# Certified Sourwood Honey?



## Mirabida (May 27, 2014)

Is there a way to certify the source of your honey? I have been selling Sourwood honey and yesterday I had a customer tell me that mine is in no way Sourwood. This is upsetting since I spent so much time and money and was careful to catch the flow. I gave the customer a complete refund including shipping. I want my customers to be completely satisfied. Has anyone had this happen to them and how did you handle the situation? Is there a test to certify your honey?


----------



## sqkcrk (Dec 10, 2005)

Yes, but can you afford it? You have to have the pollen analysed. 

Don't over react to one customer. I know a guy who was selling NY honey in SC and a customer insisted that his NY honey was sourwood, which it wasn't. So he raised his price and sold it to him. You can't please everyone.

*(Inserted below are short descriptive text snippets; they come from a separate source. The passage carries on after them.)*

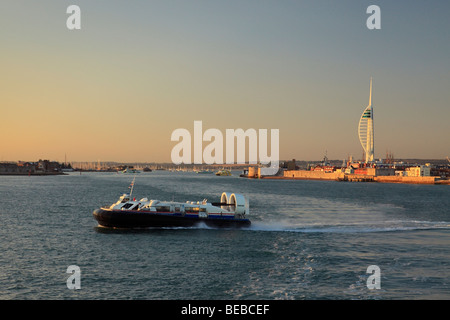 Portsmouth à Ryde, Isle of Wight aéroglisseur. Banque D'Images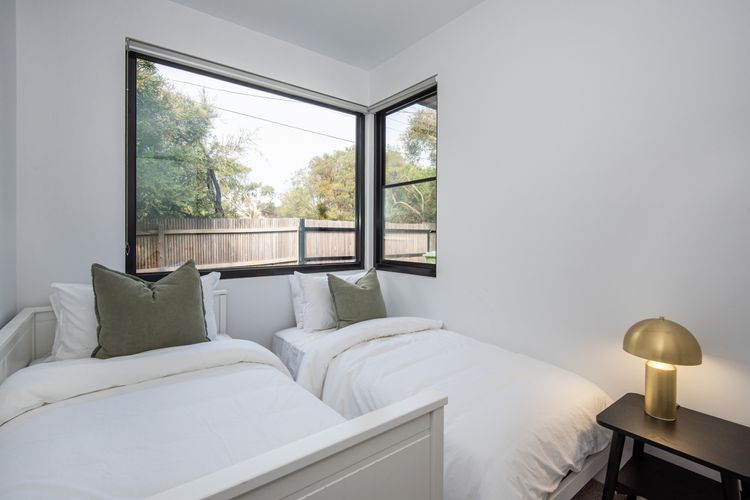 Bedroom 4 - two single beds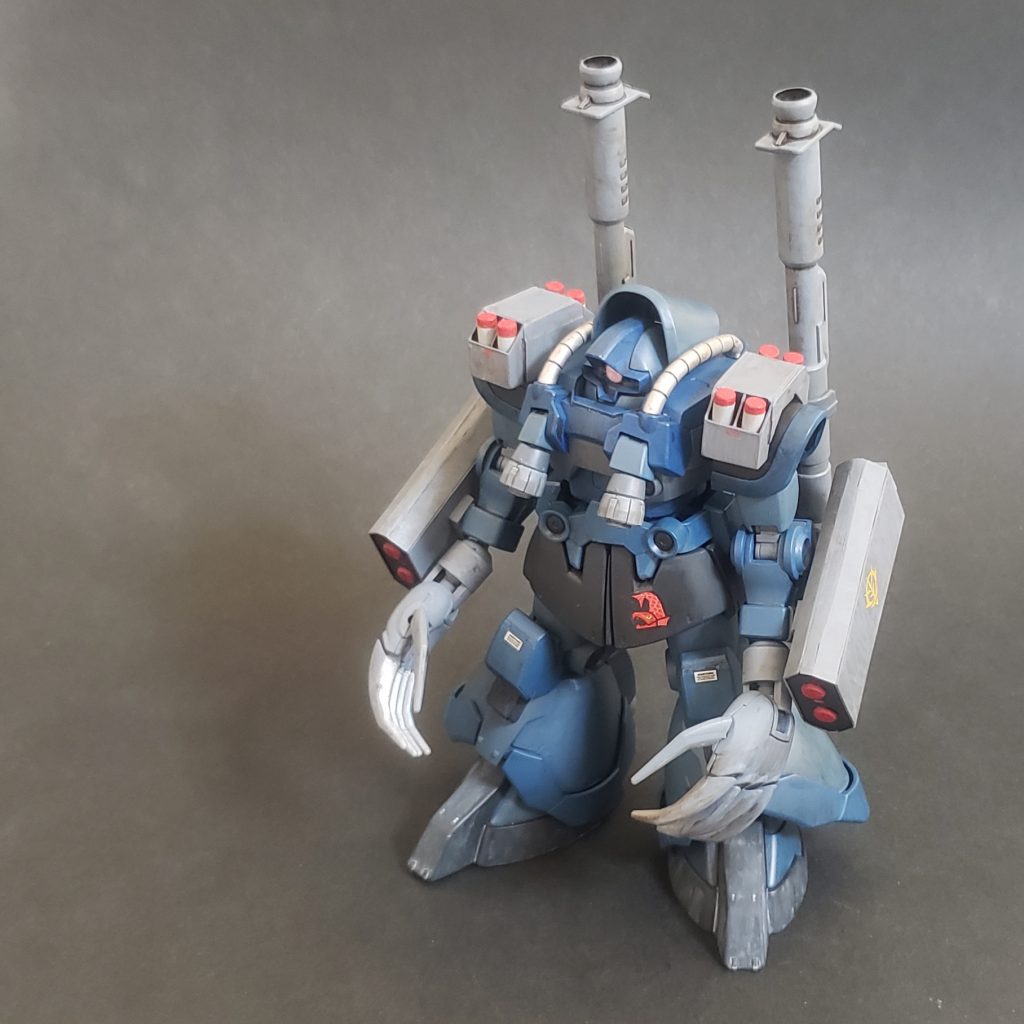 ジオン残党が水陸両用に改造したドムという設定です。武装は腕部魚雷、肩部ミサイル、手はクローに変更しています。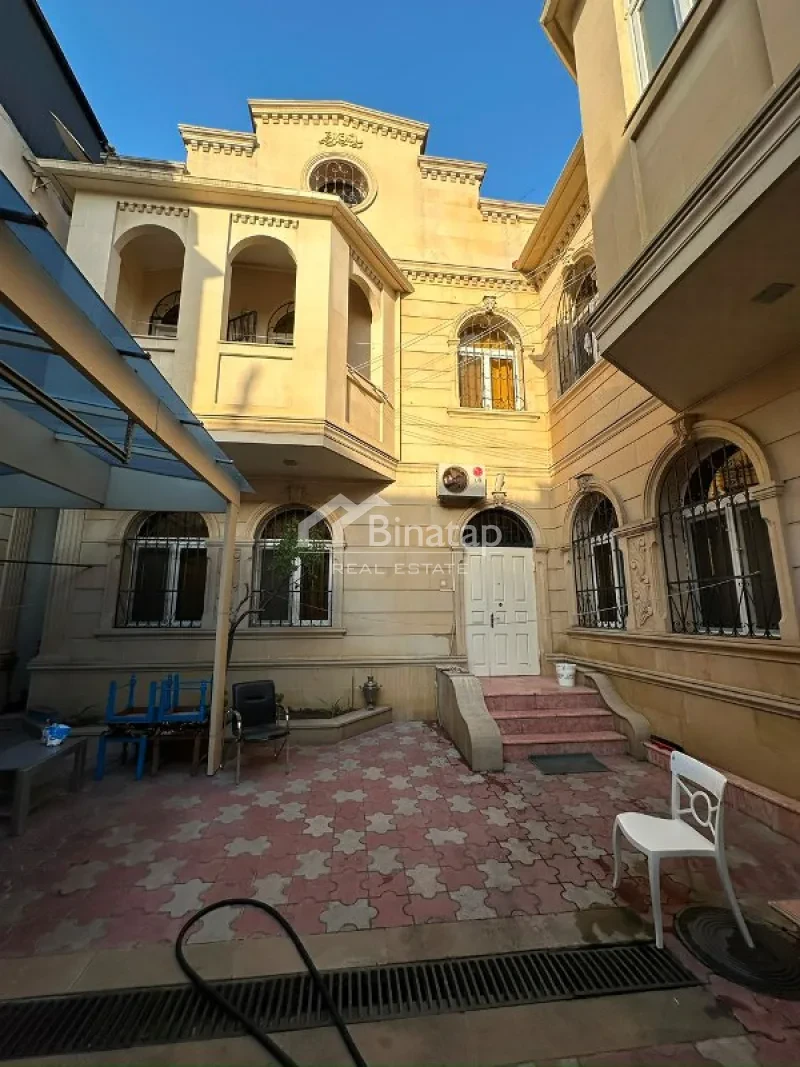 Satılır 5+ otaqlı həyət evi / bağ evi 360 m², İnşaatçılar m. — şəkil 3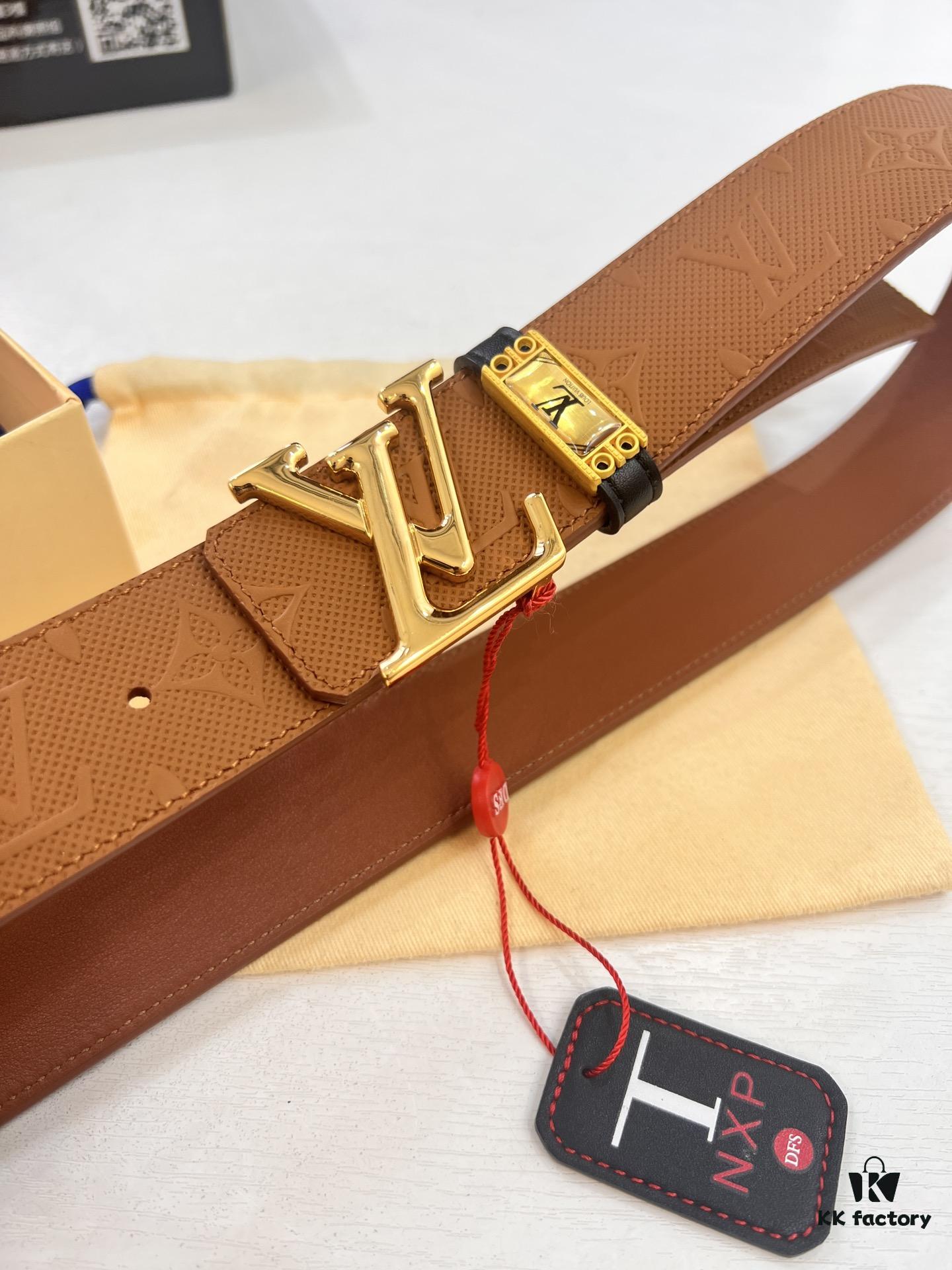 693202e43a89a121ed550d74 LV Men's Belt Arrival, Genuine Photos, ZP Mold Design, Imported Original Factory Print, Full-Grain Cowhide Leather, Refined Metal Letters, Reversible Double-Sided Use, 3.8cm Width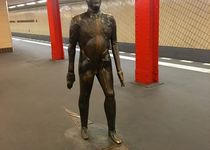 Bild zu »Der Vinetamann« im U-Bahnhof Vinetastraße, Bronzeplastik von Rolf Biebl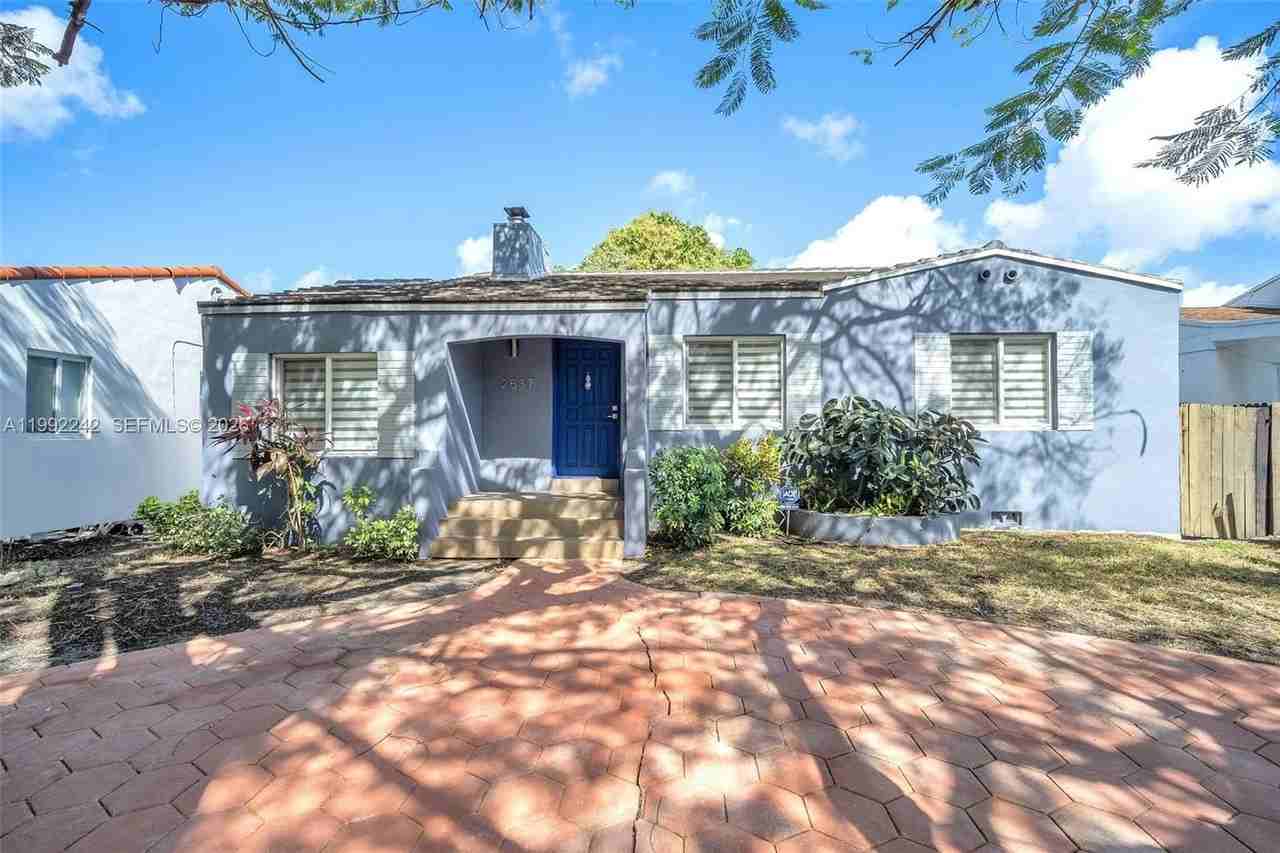 2537 Sw 15th St - Photo 3 of 37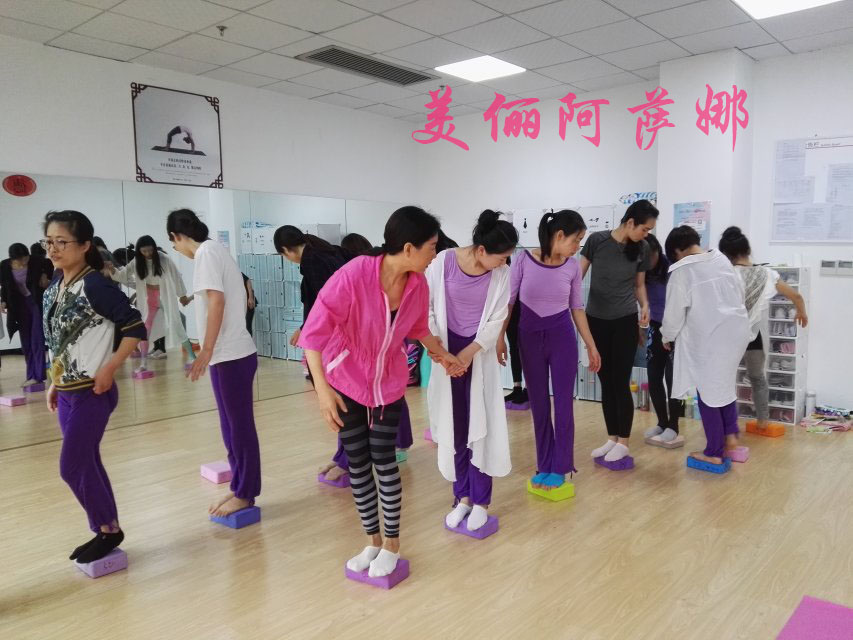 瑜伽培训每天必练,瑜伽私教体验课应该学什么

I have produced buckwheat honey from a field of buckwheat surrounded by nothing other than pine forest. Try telling someone used to wax melter buckwheat that what I had was buckwheat? Forget it.


----------



## David LaFerney (Jan 14, 2009)

You can't let something like that get you down, and the truth is it's pretty likely that your honey has some other stuff in it besides sourwood - sumac is a good possibility around here. I tell people that I don't really know where my bees go when I'm not looking, but if they don't like the product I will refund their money. It's not a costly promise to make.


----------



## Michael Bush (Aug 2, 2002)

Part of what happens is someone buys some honey labeled "xyz" when it's really just wildflower honey. Now they think that's what "xyz" honey tastes like. Yours doesn't taste like that so they think it can't be "xyz" honey. Most varietals have distinctive tastes, especially things like buckwheat and sourwood. Yes, most honeys probably do have more than one nectar source in them, but that distinct twang is usually what distinguished it.


----------



## mathesonequip (Jul 9, 2012)

years ago I was selling some logs to a saw mill. the log buyer was insisting to pay me for ash. I told him it was basswood when I dropped the trees. he told me he was the profesonal log grader. I let him pay me the higher rate. kind of like ny sourwood honey. I have no idea if the furniture factory that ended up with it knew the difference.


----------



## beemandan (Dec 5, 2005)

I see that this is your first post. Welcome.
I also see that you are located in middle GA. 
Where do you have the hives that produce your sourwood honey?


----------



## gone2seed (Sep 18, 2011)

As a long time internet seller(not honey),always be aware that there are plenty of thieves out there. It is a common ploy for a buyer to claim the product is not as advertised so they can get a refund and thus have the product for free. It's just easier for the seller to refund rather than have a hassle. One tip off is that they will order again.I kept an idiot list and refused to sell the second time.


----------



## dsegrest (May 15, 2014)

As a REALTOR I frequently have prospective buyers or tenants who like to tell me everything that is wrong with a house and then offer to buy it for less than the price. I tell them they must not be very smart to want a house with all of those problems. Same with the honey.


----------



## Mirabida (May 27, 2014)

Hi Dan and thanks for everyone's comments!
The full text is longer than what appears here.